The Central Election Commission (TsVK) of Belarus announced on 11 October that long ruling president Alyaksandr Lukashenko has officially won the Presidential elections for the fifth time with 83.49% of the vote. Despite calls to boycott the election from various oppositionists, the voter turnout was reportedly 86.7%. Lukashenko ran against 3 other candidates: opposition movement leader Tatsyana Karatkevich (Havary Pravdu /Tell the Truth) and pro-government politicians Syarhey Haydukyevich (Liberal Democratic Party) and Mikalay Ulakhovich (Belarusian Patriotic Party). The official results do not come as a surprise, as all of Lukashenko’s re-elections have had similarly high official results in elections that are widely considered rigged.
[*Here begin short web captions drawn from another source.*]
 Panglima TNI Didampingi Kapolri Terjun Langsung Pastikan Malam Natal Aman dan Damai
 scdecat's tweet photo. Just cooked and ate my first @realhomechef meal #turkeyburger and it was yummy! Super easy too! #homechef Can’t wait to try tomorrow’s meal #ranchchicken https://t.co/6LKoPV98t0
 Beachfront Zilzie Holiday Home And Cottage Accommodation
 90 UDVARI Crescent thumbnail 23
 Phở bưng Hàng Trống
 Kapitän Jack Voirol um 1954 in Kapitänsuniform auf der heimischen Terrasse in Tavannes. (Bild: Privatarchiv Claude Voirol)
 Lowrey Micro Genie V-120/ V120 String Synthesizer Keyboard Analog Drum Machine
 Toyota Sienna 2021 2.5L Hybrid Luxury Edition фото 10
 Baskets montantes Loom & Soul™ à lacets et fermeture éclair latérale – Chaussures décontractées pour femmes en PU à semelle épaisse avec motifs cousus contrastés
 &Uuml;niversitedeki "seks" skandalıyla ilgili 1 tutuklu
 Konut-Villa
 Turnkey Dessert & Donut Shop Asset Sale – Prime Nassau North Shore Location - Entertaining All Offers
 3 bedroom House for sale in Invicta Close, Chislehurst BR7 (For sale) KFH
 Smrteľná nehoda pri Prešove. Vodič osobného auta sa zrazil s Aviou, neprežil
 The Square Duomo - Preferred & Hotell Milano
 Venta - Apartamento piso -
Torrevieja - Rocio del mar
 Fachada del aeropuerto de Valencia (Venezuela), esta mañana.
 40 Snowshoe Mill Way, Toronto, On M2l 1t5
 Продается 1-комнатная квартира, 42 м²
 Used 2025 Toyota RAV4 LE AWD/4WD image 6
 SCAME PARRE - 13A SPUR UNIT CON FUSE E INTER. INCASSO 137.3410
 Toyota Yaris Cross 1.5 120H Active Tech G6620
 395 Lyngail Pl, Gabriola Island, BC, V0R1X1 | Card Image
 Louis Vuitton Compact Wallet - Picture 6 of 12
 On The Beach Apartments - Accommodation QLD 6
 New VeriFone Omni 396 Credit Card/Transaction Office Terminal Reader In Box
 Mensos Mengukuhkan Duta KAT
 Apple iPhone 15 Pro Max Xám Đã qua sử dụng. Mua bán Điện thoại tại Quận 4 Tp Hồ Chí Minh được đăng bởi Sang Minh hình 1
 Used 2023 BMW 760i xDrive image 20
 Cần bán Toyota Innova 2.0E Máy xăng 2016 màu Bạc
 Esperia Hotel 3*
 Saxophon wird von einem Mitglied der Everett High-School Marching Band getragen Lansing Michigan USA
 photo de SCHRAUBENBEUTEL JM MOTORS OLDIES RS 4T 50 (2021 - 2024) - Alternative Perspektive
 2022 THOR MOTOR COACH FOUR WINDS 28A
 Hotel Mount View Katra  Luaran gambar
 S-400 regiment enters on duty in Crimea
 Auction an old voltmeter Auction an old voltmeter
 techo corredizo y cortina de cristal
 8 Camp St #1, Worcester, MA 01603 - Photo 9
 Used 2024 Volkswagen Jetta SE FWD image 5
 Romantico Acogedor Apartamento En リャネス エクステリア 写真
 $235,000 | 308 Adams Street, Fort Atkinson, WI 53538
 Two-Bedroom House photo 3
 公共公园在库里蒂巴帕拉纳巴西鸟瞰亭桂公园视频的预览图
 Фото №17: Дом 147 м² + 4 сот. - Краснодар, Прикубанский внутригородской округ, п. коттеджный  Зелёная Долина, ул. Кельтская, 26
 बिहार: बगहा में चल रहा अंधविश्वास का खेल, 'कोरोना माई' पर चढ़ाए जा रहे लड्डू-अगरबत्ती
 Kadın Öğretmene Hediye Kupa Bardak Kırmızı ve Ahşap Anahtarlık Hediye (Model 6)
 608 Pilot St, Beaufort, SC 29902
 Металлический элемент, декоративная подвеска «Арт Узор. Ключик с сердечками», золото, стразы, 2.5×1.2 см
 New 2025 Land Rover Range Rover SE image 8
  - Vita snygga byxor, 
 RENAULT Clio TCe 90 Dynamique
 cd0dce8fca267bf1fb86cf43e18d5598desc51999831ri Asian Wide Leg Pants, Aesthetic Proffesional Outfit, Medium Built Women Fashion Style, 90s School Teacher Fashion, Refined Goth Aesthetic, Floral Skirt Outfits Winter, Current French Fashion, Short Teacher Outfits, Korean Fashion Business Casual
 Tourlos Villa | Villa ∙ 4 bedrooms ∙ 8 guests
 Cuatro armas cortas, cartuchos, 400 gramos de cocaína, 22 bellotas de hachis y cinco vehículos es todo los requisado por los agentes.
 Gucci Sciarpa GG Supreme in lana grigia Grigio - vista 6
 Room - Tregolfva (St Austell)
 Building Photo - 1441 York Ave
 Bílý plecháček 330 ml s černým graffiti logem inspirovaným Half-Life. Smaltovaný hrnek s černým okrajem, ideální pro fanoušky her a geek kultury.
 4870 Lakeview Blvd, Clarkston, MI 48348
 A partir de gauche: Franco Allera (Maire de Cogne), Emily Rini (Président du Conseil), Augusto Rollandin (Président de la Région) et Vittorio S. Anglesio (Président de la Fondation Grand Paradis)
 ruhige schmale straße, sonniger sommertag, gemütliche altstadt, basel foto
According to official preliminary results 6.5% of the voters voted against all four candidates on the ballot, while Karatkevich came second with 4.42% of the votes. Haydukyevich and Ulakhovich, who both congratulated Lukashenko on his win before the results were announced, received 3.32% and 1.67% of the votes. Gaining 83.49% of the votes is a record high for Lukashenko, who received 79.65% in the 2010 Presidential elections. Beforehand he stated that he would only be satisfied if he equaled his 2010 results, saying "it is very important: If Lukashenka wins, that I retain what was there in the past election."
Boycott and irregularities
In the weeks leading up to the election various opposition leaders, including the just released Mikalai Statkevich, called on Belarusians not to participate in the elections. In various cities, including the capital Minsk, hundreds of stickers with the word “boycott” appeared in the days leading up to the election. It was possible to vote 5 days ahead of the elections and the TsVK reported that 36% had cast their ballot early. Despite the reported 86.7% turnout, local sources report a much lower turnout at various polling station. An observer from the opposition United Civil Party reported that at his polling station he counted 808 voters, while 1190 were reported by the staff working there. There have also been reports from various polling stations of names that have been taken off voters lists, as the turnout percentage is the relation between the number of persons who received ballot papers and the number of persons on voters’ lists.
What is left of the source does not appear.